**Task description**
Retyping the entries exactly is all that is required.
(Excerpted data begins)
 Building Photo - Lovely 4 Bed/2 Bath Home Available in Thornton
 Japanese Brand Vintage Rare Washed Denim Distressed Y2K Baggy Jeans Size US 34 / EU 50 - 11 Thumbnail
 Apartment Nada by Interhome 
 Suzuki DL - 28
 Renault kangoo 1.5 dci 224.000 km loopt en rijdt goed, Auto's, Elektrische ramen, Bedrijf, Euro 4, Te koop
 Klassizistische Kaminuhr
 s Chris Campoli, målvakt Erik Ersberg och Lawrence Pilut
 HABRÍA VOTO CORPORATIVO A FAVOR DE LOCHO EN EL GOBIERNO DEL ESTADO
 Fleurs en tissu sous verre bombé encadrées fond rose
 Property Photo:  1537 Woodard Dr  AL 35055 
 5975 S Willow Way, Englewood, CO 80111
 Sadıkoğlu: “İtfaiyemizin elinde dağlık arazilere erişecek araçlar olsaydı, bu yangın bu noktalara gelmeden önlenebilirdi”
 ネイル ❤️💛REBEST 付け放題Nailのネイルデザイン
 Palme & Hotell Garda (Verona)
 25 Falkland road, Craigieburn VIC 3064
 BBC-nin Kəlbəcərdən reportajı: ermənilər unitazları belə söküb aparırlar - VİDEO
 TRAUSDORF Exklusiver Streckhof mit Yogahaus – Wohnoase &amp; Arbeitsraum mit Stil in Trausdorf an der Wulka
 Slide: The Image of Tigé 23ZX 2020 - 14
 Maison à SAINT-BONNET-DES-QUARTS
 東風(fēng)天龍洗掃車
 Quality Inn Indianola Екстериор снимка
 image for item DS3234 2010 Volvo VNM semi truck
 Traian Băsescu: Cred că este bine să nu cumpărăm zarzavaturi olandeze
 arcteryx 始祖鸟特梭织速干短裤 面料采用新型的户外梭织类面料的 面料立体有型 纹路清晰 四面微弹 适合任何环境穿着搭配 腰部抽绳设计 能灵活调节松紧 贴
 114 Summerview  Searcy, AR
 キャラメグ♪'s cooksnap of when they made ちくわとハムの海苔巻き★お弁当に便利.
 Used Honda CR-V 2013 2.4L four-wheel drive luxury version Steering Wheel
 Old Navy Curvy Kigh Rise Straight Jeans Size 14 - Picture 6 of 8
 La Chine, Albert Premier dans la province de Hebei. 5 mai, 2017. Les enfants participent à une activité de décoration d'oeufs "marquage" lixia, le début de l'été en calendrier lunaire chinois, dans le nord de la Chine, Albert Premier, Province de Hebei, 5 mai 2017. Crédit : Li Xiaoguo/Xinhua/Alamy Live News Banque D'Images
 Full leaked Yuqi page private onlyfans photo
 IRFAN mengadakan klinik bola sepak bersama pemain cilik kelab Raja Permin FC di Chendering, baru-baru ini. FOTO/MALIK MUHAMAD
(Excerpted data ends)
**Written answer**
 Building Photo - Lovely 4 Bed/2 Bath Home Available in Thornton
 Japanese Brand Vintage Rare Washed Denim Distressed Y2K Baggy Jeans Size US 34 / EU 50 - 11 Thumbnail
 Apartment Nada by Interhome 
 Suzuki DL - 28
 Renault kangoo 1.5 dci 224.000 km loopt en rijdt goed, Auto's, Elektrische ramen, Bedrijf, Euro 4, Te koop
 Klassizistische Kaminuhr
 s Chris Campoli, målvakt Erik Ersberg och Lawrence Pilut
 HABRÍA VOTO CORPORATIVO A FAVOR DE LOCHO EN EL GOBIERNO DEL ESTADO
 Fleurs en tissu sous verre bombé encadrées fond rose
 Property Photo:  1537 Woodard Dr  AL 35055 
 5975 S Willow Way, Englewood, CO 80111
 Sadıkoğlu: “İtfaiyemizin elinde dağlık arazilere erişecek araçlar olsaydı, bu yangın bu noktalara gelmeden önlenebilirdi”
 ネイル ❤️💛REBEST 付け放題Nailのネイルデザイン
 Palme & Hotell Garda (Verona)
 25 Falkland road, Craigieburn VIC 3064
 BBC-nin Kəlbəcərdən reportajı: ermənilər unitazları belə söküb aparırlar - VİDEO
 TRAUSDORF Exklusiver Streckhof mit Yogahaus – Wohnoase &amp; Arbeitsraum mit Stil in Trausdorf an der Wulka
 Slide: The Image of Tigé 23ZX 2020 - 14
 Maison à SAINT-BONNET-DES-QUARTS
 東風(fēng)天龍洗掃車
 Quality Inn Indianola Екстериор снимка
 image for item DS3234 2010 Volvo VNM semi truck
 Traian Băsescu: Cred că este bine să nu cumpărăm zarzavaturi olandeze
 arcteryx 始祖鸟特梭织速干短裤 面料采用新型的户外梭织类面料的 面料立体有型 纹路清晰 四面微弹 适合任何环境穿着搭配 腰部抽绳设计 能灵活调节松紧 贴
 114 Summerview  Searcy, AR
 キャラメグ♪'s cooksnap of when they made ちくわとハムの海苔巻き★お弁当に便利.
 Used Honda CR-V 2013 2.4L four-wheel drive luxury version Steering Wheel
 Old Navy Curvy Kigh Rise Straight Jeans Size 14 - Picture 6 of 8
 La Chine, Albert Premier dans la province de Hebei. 5 mai, 2017. Les enfants participent à une activité de décoration d'oeufs "marquage" lixia, le début de l'été en calendrier lunaire chinois, dans le nord de la Chine, Albert Premier, Province de Hebei, 5 mai 2017. Crédit : Li Xiaoguo/Xinhua/Alamy Live News Banque D'Images
 Full leaked Yuqi page private onlyfans photo
 IRFAN mengadakan klinik bola sepak bersama pemain cilik kelab Raja Permin FC di Chendering, baru-baru ini. FOTO/MALIK MUHAMAD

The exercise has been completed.